─── Information supplied ───
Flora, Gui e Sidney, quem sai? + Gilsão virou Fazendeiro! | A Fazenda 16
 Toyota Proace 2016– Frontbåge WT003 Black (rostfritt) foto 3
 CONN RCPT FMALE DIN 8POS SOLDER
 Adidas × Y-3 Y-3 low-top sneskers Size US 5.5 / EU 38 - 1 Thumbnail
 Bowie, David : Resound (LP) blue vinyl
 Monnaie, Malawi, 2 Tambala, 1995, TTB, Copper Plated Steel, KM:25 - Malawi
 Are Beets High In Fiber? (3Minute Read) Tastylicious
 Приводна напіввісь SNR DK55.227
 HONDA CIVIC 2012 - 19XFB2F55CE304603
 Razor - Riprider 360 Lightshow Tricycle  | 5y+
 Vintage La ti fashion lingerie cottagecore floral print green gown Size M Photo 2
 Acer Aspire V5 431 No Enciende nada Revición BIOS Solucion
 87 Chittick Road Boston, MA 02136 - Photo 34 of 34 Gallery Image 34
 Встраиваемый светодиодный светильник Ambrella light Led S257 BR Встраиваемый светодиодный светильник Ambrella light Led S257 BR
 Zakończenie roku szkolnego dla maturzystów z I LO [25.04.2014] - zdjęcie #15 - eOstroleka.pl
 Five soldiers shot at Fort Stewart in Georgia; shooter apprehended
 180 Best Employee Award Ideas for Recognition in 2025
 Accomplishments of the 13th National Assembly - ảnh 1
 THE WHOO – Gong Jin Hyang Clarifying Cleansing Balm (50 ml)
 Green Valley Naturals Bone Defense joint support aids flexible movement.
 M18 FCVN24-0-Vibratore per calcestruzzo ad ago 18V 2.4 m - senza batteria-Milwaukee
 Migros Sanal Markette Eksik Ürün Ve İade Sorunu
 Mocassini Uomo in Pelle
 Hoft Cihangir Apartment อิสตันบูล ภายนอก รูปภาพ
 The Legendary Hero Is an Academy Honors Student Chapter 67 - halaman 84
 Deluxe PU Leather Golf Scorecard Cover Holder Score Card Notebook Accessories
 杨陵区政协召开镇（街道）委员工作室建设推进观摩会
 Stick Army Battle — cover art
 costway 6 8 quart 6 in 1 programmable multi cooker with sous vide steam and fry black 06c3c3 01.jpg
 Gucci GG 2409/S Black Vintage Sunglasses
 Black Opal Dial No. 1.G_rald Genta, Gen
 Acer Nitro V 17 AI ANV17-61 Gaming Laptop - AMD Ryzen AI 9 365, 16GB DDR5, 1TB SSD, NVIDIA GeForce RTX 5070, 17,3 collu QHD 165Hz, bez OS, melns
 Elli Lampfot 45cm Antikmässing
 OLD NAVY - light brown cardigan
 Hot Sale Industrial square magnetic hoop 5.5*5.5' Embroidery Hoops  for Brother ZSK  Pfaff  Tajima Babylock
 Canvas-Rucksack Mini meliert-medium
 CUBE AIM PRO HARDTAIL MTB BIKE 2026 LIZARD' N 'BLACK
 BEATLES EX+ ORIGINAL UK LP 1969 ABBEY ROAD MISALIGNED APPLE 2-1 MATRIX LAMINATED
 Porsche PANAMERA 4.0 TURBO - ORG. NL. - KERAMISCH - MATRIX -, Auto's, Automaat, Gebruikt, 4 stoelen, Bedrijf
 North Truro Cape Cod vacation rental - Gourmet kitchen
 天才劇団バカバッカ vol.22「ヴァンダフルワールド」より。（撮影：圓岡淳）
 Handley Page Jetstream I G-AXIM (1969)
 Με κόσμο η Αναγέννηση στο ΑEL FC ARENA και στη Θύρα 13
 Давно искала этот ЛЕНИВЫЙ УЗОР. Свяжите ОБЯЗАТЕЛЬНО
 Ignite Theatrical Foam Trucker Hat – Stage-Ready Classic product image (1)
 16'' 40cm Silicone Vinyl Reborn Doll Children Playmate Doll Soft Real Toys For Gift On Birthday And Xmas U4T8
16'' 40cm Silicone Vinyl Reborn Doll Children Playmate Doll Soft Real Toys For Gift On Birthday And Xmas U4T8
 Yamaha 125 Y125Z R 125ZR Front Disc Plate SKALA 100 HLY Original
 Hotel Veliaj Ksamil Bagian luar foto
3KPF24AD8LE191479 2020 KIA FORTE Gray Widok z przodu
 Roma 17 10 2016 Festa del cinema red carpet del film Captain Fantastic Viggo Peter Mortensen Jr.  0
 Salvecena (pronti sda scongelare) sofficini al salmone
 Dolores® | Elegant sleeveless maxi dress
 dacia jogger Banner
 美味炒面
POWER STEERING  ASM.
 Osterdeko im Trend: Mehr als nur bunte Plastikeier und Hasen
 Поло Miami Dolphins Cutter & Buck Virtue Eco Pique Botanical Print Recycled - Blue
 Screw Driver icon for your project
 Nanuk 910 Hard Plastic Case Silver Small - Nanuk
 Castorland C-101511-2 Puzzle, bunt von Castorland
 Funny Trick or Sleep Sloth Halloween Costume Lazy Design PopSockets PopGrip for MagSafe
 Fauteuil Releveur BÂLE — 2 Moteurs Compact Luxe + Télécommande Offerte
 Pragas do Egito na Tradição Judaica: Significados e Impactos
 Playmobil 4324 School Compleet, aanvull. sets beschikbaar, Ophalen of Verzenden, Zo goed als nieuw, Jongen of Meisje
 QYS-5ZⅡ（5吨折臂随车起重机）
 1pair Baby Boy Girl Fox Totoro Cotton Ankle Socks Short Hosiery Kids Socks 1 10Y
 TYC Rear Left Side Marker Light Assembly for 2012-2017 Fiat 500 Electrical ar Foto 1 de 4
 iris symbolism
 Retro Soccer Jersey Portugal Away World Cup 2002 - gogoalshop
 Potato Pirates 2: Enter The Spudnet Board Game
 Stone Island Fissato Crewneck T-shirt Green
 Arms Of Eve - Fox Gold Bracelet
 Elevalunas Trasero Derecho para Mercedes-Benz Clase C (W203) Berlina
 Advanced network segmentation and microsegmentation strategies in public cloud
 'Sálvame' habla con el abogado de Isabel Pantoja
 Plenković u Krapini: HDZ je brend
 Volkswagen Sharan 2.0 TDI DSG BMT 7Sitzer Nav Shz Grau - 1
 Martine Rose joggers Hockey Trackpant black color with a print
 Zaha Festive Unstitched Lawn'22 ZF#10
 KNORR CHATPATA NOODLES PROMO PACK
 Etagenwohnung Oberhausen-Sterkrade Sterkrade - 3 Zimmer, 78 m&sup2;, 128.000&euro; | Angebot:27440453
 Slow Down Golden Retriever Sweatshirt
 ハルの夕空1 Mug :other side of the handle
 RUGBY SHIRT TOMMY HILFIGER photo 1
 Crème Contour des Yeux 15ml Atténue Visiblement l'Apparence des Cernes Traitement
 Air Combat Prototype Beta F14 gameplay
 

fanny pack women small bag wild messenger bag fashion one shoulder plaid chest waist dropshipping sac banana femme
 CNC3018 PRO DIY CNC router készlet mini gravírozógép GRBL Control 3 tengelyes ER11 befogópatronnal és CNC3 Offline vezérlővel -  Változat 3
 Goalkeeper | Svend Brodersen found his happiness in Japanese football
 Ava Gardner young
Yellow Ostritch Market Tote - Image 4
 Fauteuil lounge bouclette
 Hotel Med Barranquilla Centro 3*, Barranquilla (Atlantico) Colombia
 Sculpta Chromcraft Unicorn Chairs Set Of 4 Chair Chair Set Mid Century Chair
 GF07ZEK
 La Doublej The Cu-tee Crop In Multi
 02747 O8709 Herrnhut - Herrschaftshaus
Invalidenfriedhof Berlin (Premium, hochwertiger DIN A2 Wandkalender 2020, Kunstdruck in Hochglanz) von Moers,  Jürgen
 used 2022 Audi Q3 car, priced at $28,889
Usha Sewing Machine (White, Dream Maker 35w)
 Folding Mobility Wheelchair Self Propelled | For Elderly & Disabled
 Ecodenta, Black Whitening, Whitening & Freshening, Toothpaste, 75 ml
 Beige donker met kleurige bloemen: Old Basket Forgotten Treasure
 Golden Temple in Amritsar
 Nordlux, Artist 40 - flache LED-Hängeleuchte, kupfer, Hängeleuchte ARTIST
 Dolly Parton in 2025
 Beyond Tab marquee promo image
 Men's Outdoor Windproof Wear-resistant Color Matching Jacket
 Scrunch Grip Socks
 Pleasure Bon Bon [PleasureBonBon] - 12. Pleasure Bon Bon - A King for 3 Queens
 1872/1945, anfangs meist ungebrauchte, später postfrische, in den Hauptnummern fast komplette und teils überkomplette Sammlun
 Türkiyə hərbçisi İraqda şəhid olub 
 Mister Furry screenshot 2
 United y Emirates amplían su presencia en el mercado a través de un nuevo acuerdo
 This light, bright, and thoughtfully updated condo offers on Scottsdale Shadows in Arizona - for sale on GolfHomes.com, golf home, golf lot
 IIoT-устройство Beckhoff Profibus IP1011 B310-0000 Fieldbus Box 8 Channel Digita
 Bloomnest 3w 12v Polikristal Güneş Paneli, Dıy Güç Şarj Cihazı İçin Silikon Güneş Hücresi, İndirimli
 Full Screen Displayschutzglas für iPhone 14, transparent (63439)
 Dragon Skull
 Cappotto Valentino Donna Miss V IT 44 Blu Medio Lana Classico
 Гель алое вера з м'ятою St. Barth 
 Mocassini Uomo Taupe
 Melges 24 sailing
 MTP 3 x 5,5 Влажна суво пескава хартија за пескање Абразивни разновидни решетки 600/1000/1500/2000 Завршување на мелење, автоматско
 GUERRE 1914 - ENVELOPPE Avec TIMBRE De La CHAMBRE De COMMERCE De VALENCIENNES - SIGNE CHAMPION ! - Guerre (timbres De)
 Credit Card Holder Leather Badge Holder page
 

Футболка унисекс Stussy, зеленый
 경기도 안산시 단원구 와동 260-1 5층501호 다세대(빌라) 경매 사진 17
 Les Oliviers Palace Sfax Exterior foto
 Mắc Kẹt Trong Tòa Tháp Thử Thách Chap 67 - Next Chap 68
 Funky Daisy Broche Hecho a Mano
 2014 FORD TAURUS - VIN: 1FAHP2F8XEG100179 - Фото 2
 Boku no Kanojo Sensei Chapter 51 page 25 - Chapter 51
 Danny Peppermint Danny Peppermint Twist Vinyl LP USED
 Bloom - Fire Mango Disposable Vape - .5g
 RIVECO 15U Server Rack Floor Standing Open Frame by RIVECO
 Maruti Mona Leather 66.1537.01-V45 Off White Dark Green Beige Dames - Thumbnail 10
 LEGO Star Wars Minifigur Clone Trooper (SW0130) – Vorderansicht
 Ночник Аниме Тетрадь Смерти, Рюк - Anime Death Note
───
_Task to complete_
Give again only the lines starting at the one that contains "Funky Daisy Broche Hecho a Mano" and running to the end of the data.

_Answer to the exercise_
 Funky Daisy Broche Hecho a Mano
 2014 FORD TAURUS - VIN: 1FAHP2F8XEG100179 - Фото 2
 Boku no Kanojo Sensei Chapter 51 page 25 - Chapter 51
 Danny Peppermint Danny Peppermint Twist Vinyl LP USED
 Bloom - Fire Mango Disposable Vape - .5g
 RIVECO 15U Server Rack Floor Standing Open Frame by RIVECO
 Maruti Mona Leather 66.1537.01-V45 Off White Dark Green Beige Dames - Thumbnail 10
 LEGO Star Wars Minifigur Clone Trooper (SW0130) – Vorderansicht
 Ночник Аниме Тетрадь Смерти, Рюк - Anime Death Note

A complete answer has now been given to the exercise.